Le CPF : une mesure caduque
Le Compte personnel de formation fait également partie des dépenses qui ont explosé suite à la réforme de 2018, passant de 1,44 Mds€ à 3Mds€ entre 2019 et 2022, nous rappelle le rapport. Les auteurs proposent d’instaurer « ticket modérateur », qui pourrait être de 50€ pour toutes les formations ou modulé suivant le type de formation. Depuis la remise de la Revue financière, le montant du reste à charge a été fixé à 100 €, avec un gain attendu de 375M€, soit le double de celui escompté par les rapporteurs en fonction de leur proposition.
Le Projet de transition professionnelle (PTP)
Le PTP apparaît comme une cible un peu surprenante dans le cadre d’une recherche d’économies. Comme le soulignent les rapporteurs, ce dispositif a pris la suite du CIF, mais avec moitié moins de financements (500M€ au lieu d’1Md€ à peu près). Il n’est donc pas responsable de la hausse des dépenses de formation.
De fait, les mesures proposées ne rapporteraient pas beaucoup à l’Etat. Il pourrait s’agir de réserver le PTP aux plus de 30 ans (65M€) ou de réduire la prise en charge de la rémunération du stagiaire (jusqu’à 35M€ d’économies). Les rémunérations représentent de fait 70% du coût du PTP. La prise en charge est à 100% jusqu’à 2 Smic et 90% au-delà. Le rapport propose de réduire davantage la couverture au-delà de 2 Smic, en n’en prenant en charge que 30%.
Le document cite un chiffre étonnant : 45% des bénéficiaires de PTP seraient concernés par la prise en charge de la rémunération au-delà de 2 Smic. Or la population visée est censée être celle des moins favorisés. La mesure aurait donc au moins le mérite de créer des incitations pour réorienter les ressources du PTP vers son public-cible.

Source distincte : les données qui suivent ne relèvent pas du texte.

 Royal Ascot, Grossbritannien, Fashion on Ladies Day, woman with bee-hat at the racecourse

Réserver le FNE-formation aux PME
Les aides versées par l’État dans le cadre du FNE-Formation s’inscrivent depuis 2023 dans une logique de financement des reconversions professionnelles. L’enveloppe a baissé en 2024, mais reste tout de même de 192 M€. Les rapporteurs proposent de les réserver désormais aux entreprises de moins de 250 salariés, ce qui permettrait d’économiser 51 M€. La logique serait d’aider tout particulièrement les entreprises de 50 à 250 salariés, qui n’ont plus de financement Opco. Les entreprises de plus de 250 salariés, qui représentaient 1 bénéficiaire sur 3 en 2023, ont moins besoin de ces financements.
Contenir les dépenses de formation aux demandeurs d’emploi
La dernière mesure préconisée par la Revue financière porte sur les formations aux demandeurs d’emploi. Il s’agit de mesures techniques dont le rendement global est évalué de 80 à 100 M€. Les entreprises sont particulièrement concernées par une possible diminution des financements des préparations opérationnelles à l’emploi collectives (POEC) à hauteur de 22M€.

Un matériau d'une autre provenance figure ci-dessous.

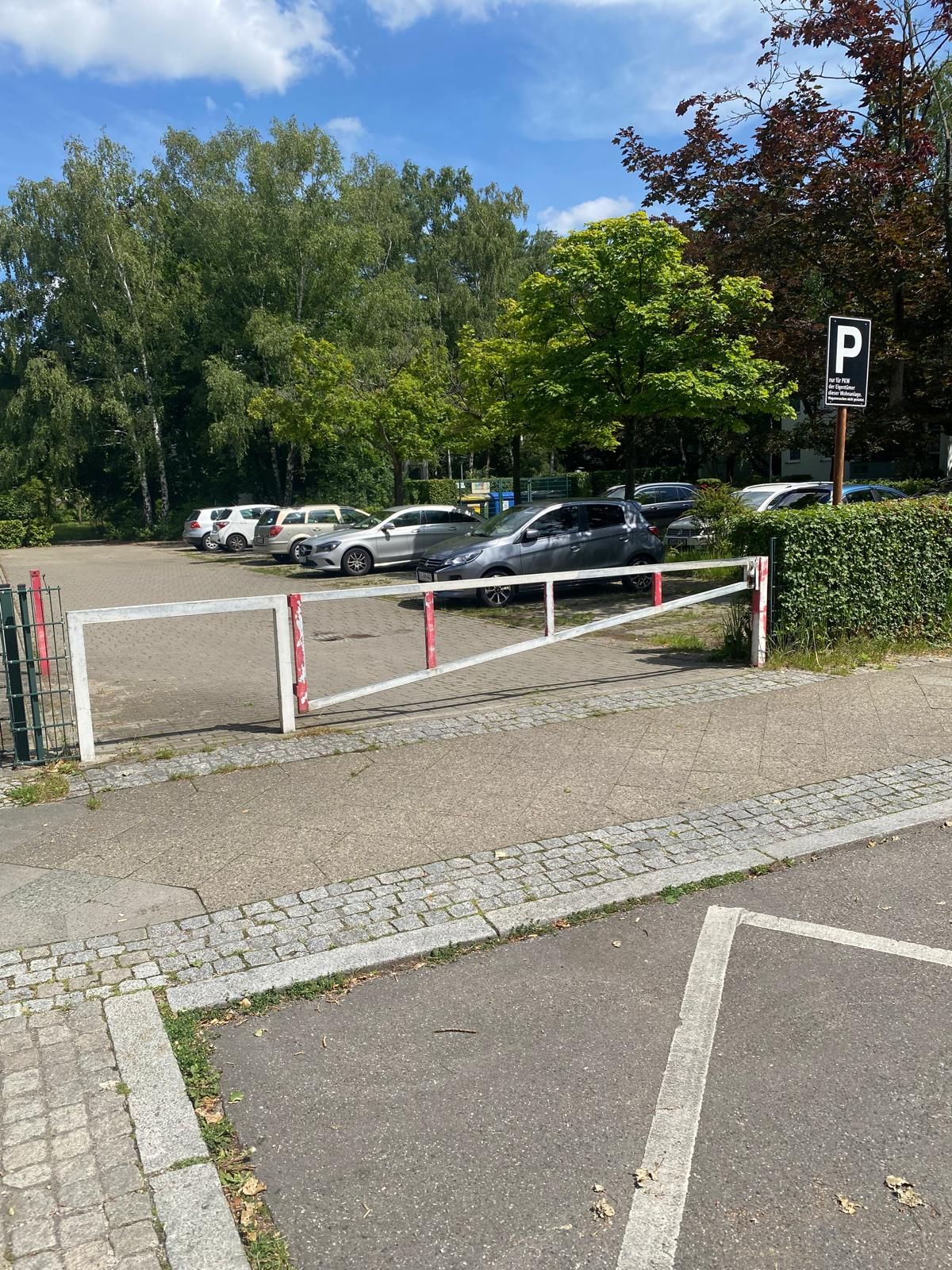 Cozy Flat in Ideal Location, Berlin (Löwensteinring 29, 12353)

Très critiquée par les experts, l’aide à l’apprentissage était donc déjà sur la sellette au début de 2024. Maintenue pour soutenir l’objectif présidentiel contestable d’un million d’entrées en apprentissage par an, il y a de fortes chances pour qu’elle subisse un écrêtage significatif en 2025 – au moins au niveau de ce qui est proposé ici. Rappelons qu’en 2022, la dépense publique et mutualisée en matière de formation s’est élevée à 32 Mds€. Ce chiffre ne comprend pas les dépenses directes des entreprises, ce qui est normal ; mais il néglige aussi les dépenses de formation des 3 fonctions publiques pour leurs propres agents. Il est possible que 2025 marque le début d’un tassement, voire d’une réduction de l’engagement public dans la formation des salariés. Ou à tout le moins, le début d’un meilleur ciblage, ce qui serait bienvenu.